Based on four case studies the book argues that a new television paradigm is being produced from within the multiplatform television organisations themselves in order to adapt to changing viewer habits and the tensions between digital and broadcast television. Drawing on a unique genre and production studies approach that cuts across the humanities and sociology in television studies, chapters cover in-depth studies of:
• The communicative changes to the on-air schedule as a televisual text phenomenon in the digital era, and how the conceptualisations of the audience are changing in scheduling and curation for multiplatform portfolios
• The changing production culture of scheduling in companies for their multiplatform portfolios
• The dilemmas of curation in multiplatform portfolios.
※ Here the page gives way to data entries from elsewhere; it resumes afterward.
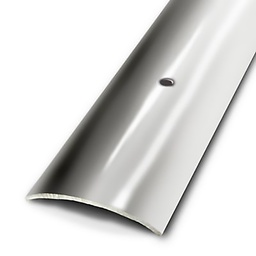 [29692] SEUIL A VISSER PLAT INOX BRIL 30MM 2M70 (*30)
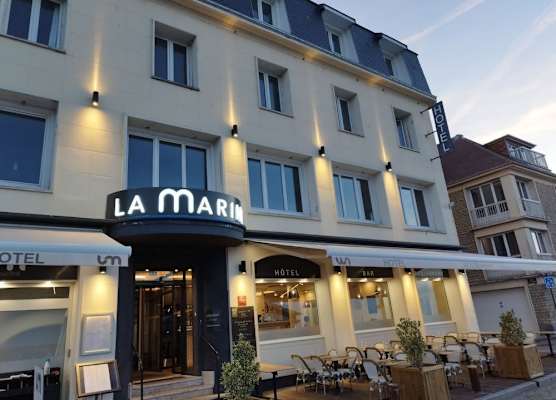 Hotel de la Marine 1
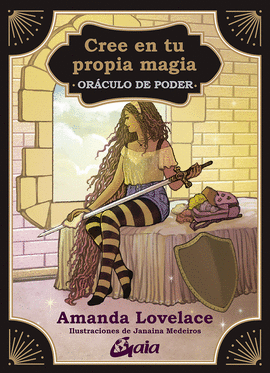 CREE EN TU PROPIA MAGIA - ORACULO DE PODER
Situated at the intersection of the humanities and sociology in media production studies, this book will be of key interest to scholars and students of television studies, media production studies and cultural studies and to researchers and media professionals and management in the television industry.
About the Author
Hanne Bruun is a Professor of Media Studies at Aarhus University, Denmark. She is the founder and head of Centre for Media Industries and Production Studies and the author of four books, including Dansk Tv-satire. Underholdning med kant (2011) and the co-editor of four books. She has contributed to several books, e.g. Advancing Media Production Studies (2016) eds. Paterson, C. et al., and journals. e.g. Nordic Journal of Media Studies (2019), Critical Studies in Television 13(2) 2018, Nordicom Review 37(2) 2016, as well as European Journal of Communication and Media Culture & Society.
Table of Contents
1 What is the Schedule and Why Study it?
2 The Schedule as a TV Genre: Theoretical Approach
3 The Communicative Characteristics of the On-air Schedule
4 The Implied Viewer of ‘Continuity’
5 The Changing Production Culture of Scheduling
6 Dilemmas in Cross-platform Scheduling for Commercial Public Service Television
7 Digital Television: A Third paradigm?